**Problem to solve:** Nothing but the lines from the one with "以太坊Hooli测试网上线在即：主网配置能否终结历史宕机问题？" through the final line of the listing should appear in the answer, each copied exactly.

____________________

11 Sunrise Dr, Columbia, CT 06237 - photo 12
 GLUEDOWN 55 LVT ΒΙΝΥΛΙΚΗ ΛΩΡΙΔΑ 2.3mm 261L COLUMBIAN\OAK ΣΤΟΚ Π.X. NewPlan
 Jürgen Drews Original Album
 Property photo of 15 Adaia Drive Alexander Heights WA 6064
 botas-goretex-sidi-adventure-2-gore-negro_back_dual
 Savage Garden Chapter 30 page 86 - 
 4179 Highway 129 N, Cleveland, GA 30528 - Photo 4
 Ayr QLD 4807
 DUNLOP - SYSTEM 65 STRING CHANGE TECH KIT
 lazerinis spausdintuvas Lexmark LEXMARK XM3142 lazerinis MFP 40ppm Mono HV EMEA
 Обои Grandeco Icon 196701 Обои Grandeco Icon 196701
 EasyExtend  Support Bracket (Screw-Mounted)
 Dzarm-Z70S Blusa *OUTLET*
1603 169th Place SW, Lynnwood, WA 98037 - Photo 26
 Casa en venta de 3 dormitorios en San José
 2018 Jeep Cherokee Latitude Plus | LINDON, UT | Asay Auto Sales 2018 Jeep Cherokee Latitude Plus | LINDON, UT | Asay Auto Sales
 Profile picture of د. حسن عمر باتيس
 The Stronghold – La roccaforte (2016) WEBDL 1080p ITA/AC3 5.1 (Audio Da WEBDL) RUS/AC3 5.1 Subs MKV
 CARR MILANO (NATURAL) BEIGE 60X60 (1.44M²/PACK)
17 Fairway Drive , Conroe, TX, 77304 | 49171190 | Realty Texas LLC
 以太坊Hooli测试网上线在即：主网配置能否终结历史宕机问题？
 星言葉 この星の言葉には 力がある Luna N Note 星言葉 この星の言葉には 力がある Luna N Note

____________________

**Answer to this task:**
 以太坊Hooli测试网上线在即：主网配置能否终结历史宕机问题？
 星言葉 この星の言葉には 力がある Luna N Note 星言葉 この星の言葉には 力がある Luna N Note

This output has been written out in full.